**Work task:**
Print only the lines that begin at the line containing "Avanti Hotel Wohnbeispiel" and end at the last line of the material, both included, without any change.

**Dataset extract:**

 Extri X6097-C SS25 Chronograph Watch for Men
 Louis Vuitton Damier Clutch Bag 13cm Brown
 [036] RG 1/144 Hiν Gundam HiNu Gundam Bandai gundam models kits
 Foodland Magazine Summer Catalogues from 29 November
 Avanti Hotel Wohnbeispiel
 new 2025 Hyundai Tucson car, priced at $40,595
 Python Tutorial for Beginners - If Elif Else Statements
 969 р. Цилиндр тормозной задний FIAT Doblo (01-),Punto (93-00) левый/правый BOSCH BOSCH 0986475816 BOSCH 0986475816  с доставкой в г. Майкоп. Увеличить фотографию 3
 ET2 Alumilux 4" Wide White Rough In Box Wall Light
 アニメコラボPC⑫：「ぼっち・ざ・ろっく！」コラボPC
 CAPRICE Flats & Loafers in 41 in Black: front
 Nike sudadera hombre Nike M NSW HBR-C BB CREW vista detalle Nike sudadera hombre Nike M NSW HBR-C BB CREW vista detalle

**Answer space:**
 Avanti Hotel Wohnbeispiel
 new 2025 Hyundai Tucson car, priced at $40,595
 Python Tutorial for Beginners - If Elif Else Statements
 969 р. Цилиндр тормозной задний FIAT Doblo (01-),Punto (93-00) левый/правый BOSCH BOSCH 0986475816 BOSCH 0986475816  с доставкой в г. Майкоп. Увеличить фотографию 3
 ET2 Alumilux 4" Wide White Rough In Box Wall Light
 アニメコラボPC⑫：「ぼっち・ざ・ろっく！」コラボPC
 CAPRICE Flats & Loafers in 41 in Black: front
 Nike sudadera hombre Nike M NSW HBR-C BB CREW vista detalle Nike sudadera hombre Nike M NSW HBR-C BB CREW vista detalle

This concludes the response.